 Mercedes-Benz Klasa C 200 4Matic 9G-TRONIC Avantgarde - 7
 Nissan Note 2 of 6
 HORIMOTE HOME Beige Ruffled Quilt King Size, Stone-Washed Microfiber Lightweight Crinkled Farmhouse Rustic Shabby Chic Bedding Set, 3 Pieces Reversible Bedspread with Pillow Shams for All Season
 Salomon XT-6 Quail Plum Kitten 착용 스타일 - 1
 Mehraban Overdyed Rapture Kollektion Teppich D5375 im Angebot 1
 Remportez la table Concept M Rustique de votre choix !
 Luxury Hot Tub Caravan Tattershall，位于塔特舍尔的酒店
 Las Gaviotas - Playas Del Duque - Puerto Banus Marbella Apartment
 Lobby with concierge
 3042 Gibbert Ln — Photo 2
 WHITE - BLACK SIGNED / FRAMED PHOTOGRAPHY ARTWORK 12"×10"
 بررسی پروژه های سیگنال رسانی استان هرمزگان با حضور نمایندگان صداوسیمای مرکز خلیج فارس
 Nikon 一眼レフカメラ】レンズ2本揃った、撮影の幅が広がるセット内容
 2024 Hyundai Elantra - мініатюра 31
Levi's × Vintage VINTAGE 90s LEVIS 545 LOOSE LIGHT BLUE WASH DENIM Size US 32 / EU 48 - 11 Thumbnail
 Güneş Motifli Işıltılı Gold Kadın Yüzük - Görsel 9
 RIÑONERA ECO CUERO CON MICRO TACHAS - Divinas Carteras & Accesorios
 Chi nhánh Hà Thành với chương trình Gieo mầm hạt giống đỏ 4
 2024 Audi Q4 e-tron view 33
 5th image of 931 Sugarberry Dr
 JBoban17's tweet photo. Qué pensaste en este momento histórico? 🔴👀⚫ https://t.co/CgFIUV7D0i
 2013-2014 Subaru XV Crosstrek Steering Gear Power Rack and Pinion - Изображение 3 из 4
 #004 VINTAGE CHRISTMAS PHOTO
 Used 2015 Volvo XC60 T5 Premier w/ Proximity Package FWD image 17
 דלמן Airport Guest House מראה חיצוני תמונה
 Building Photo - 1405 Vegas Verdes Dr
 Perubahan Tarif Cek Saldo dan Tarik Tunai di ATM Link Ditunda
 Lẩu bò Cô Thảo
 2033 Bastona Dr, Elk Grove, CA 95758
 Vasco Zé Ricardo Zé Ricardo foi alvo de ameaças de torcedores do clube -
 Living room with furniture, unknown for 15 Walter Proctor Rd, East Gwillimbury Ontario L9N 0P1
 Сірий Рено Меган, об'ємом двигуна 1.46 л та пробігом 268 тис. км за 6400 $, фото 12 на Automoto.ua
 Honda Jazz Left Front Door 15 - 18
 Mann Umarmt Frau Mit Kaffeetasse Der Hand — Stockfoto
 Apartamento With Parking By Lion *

—————

● WHAT THE TASK REQUIRES: In the entries above, one line contains "2033 Bastona Dr, Elk Grove, CA 95758" and another contains "Living room with". Reproduce exactly those two lines and the lines between them, nothing else.

● RESULT BELOW:
 2033 Bastona Dr, Elk Grove, CA 95758
 Vasco Zé Ricardo Zé Ricardo foi alvo de ameaças de torcedores do clube -
 Living room with furniture, unknown for 15 Walter Proctor Rd, East Gwillimbury Ontario L9N 0P1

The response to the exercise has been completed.